Os instrumentistas têm facilidade em transmitir emoções por meio de notas musicais sem dizer uma só palavra. A pianista e cantora Diana Krall sabe disso e parece até que se multiplica em duas ou mais Dianas ao deixar ao registro vocal a expressão máxima do romantismo e, aos dedos no piano, todos os pensamentos secretos de uma menina nada comportada. Mas o que causou dúvidas à plateia que a ouviu em São Paulo foi quando ela cantou “Esse seu olhar”, de Tom Jobim, em português. No segundo dia de apresentação de seu 12º disco “Quiet Nights”, o HSBC Brasil estava praticamente lotado com cerca de duas mil pessoas, reunindo fãs e músicos em homenagem ao jazz e à Bossa Nova. A turnê internacional ainda passará por Brasília, amanhã, e Rio, na segunda-feira.
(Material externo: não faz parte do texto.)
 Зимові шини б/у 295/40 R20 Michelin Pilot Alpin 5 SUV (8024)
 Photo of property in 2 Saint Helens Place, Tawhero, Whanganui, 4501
Ao cantar a música em português ela chegou a provocar risos em alguns e a instigar outros. Risos porque ela não sabe falar a língua de Jobim, o que é completamente perceptível. Mas instigou quem tentou perceber a voz fora do que pode ser traduzido com ajuda de um dicionário: ao buscar o groove da música, mesmo sem saber como articular as palavras e o que elas significam, a voz da jazzista é um instrumento, que improvisa como um saxofonista ou trompetista estrangeiro que se esforça para cair em ritmos brasileiros. “Com certeza ‘deu bossa'”, diz o contrabaixista Bira, do programa do Jô e acompanhou o show com o saxofonista Derico Sciotti na terça-feira, em referência à expressão “deu samba”. “A simplicidade do baixo e o batera, de leve, o swing na guitarra… É muito difícil tocar bossa, mas com certeza ‘deu bossa’.”
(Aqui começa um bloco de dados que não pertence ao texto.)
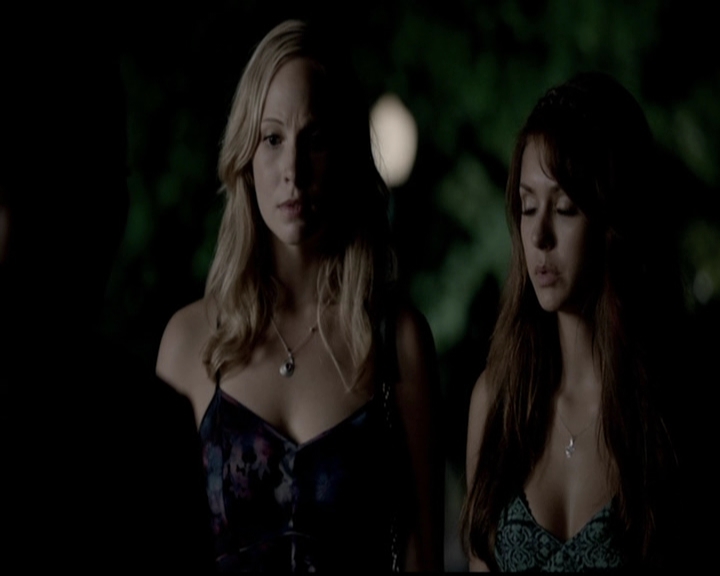 VampireDiariesWorld-dot-org_5x01IKnowWhatYouDidLastSummer1504.jpg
“Eu acho que a situação é inversamente proporcional se você estivesse no Carnegie Hall ouvindo o Jobim cantar ‘Garota de Ipanema’ em inglês”, diz Derico. O problema, avalia, foi a timidez de Diana nessa música. “Até a gente entender, como no meu caso, que ela estava tentando cantar em português e deixar de achar a situação inusitada, a música acabou. Eu achei mais inusitado que bonito. Ela foi tímida, essa música foi curta, diferente das outras em que ela se soltou como ‘Under My Skin’ e ‘How Can You Mend A Broken Heart’, gravada pelos Bee Gees, ou ‘Corcovado’, em inglês. ‘Esse seu olhar’ parecia uma prova”, lembra, ao comentar que ela mesma havia dito ao público antes que tocaria uma música que os brasileiros conhecem mais do que ela.
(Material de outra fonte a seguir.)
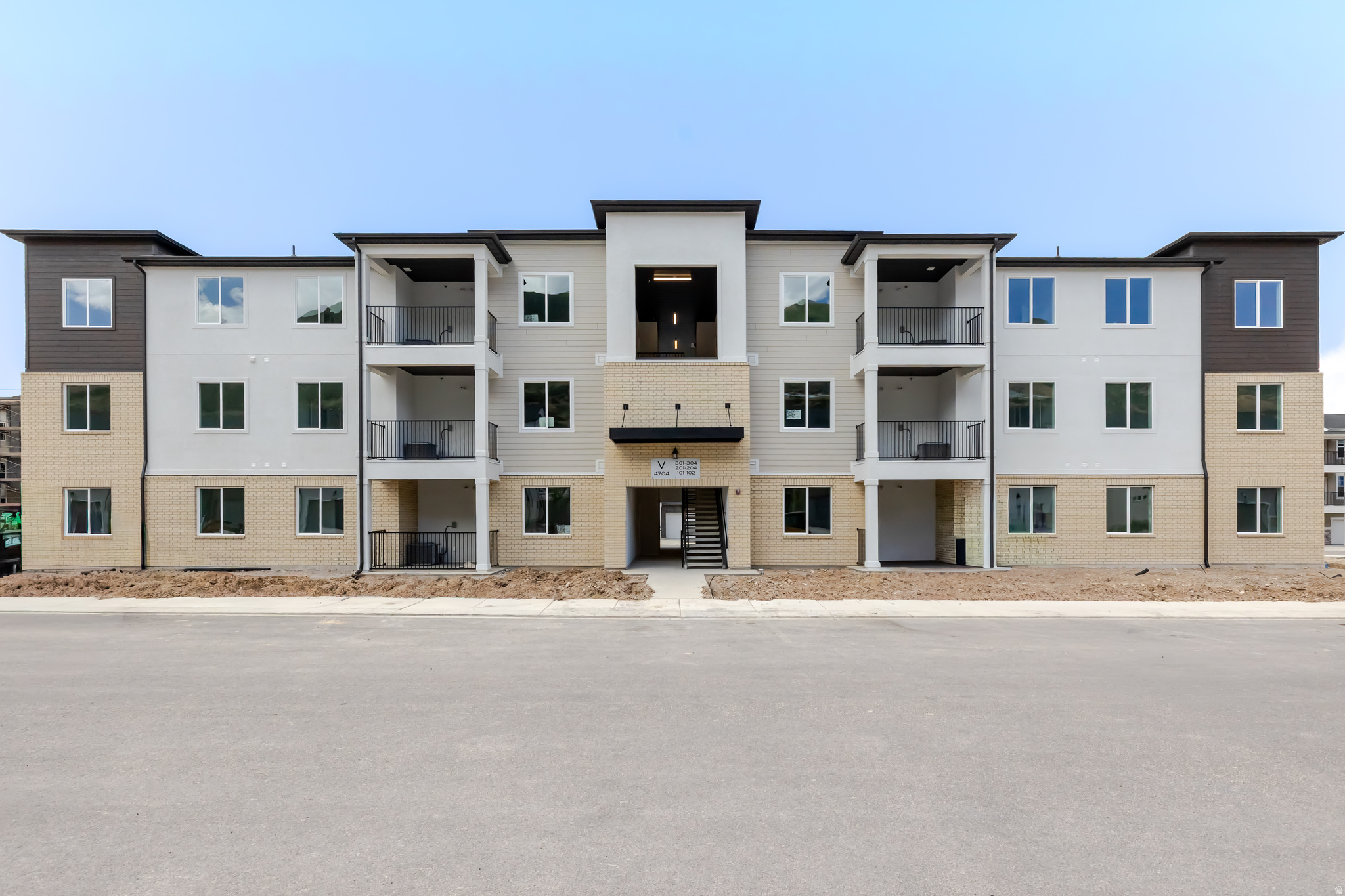 4704 S OLIVE AVE #V201, Mapleton, UT 84664 — photo 1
Em bate-papo na quarta-feira com a imprensa, Diana respondeu, por e-mail, que a musica, assim como a maioria das composições de Jobim, instigam a sua imaginação. O mesmo que disse em entrevista ao jornal O Estado de S.Paulo, publicada no dia 4 de setembro. “Eu costumava cantar essa música na minha cozinha. Quando a gente não conhece uma língua, busca um feeling similar, cantarola”, disse. “Eu quis registrar essa vontade de encontrar o sentimento da música, mas peço desculpas a vocês pela ousadia, não falo nada de português”, concluiu.
Nos shows em Brasília e no Rio, Diana será acompanhada pelo guitarrista Anthony Wilson, o baterista Karriem Riggins e o contrabaixista Robert Leslie Hurst. Fica uma sugestão para Diana: permitir-se sentir, sem timidez, a malandragem que esconde o romantismo desse nosso olhar brasileiro.